With that said there are numerous options that I have used for strength training with Kettlebells. I have used them for myself and very advanced lifters. First and foremost is the use of "doubles" where you have KB's in each hand. The use of Kettlebells in each hand jump-starts this concern of strength-development like none-other in this medium. For those of you who watched my KB DVD "Deuces Wild" you're accustomed to the advanced stimulus this provides as well as how it can be used in highly imperfect settings (lifting with ocean waves striking) for incredible results. I'll be quite honest with you, as you follow the technical guidelines in the introductory article, with proper development of the legs and posterior chain, the hoisting (i.e. a Snatch Lift) of one of the heavier KB's (i.e. 70 " 85lb) will be relatively easy. However one in each hand is radically different and while not "scientific", I have found that with "doubles", a individual is generally able to use 125-150% of KB weight when performing similar compound movements with a barbell.
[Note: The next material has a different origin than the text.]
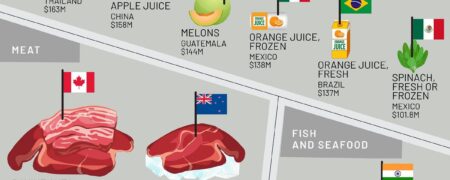 غذای مردم آمریکا توسط چه کشورهایی تولید می شود؟ + اینفوگرافیک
This is not a precise measurement and there will be variances depending upon level of expertise and experience but for the majority of individuals who would find a 250 lb Power Clean a solid goal, using KB doubles is a noteworthy option that equally provides training in a safe, controlled environment that is cost-sensitive and transportable.

Secondly, in KB strength work the use of training complexes, where typically doubles are used with "shock" (depth jumps) type training immediately, is extremely influential in development. Depth jumps induce reactive strength development by basically switching (reducing time in the "coupling" phase) from the eccentric to concentric phase. Typically I'll use an eighteen inch box height with a one or two foot step or leap off to a "stick" landing. There are a number of variations that we'll go through at a later date with specific training days.

Thirdly is the incorporation of "dive starts" where the lifter responds to a coach's / trainer's auditory call to execute the lift. With kettlebells on the ground (or box) and the incumbent in a "ready" position, upon a clap (or yes, a coaching whistle) the movement is executed with speed, power and precision.

Three great protocols for Strength Training with Kettlebells for your use. In the next installment we'll look into the planning stages of KB strength work and the inclusion of important body-weight movements as well as "imperfection" training to increase the effect. Thank you.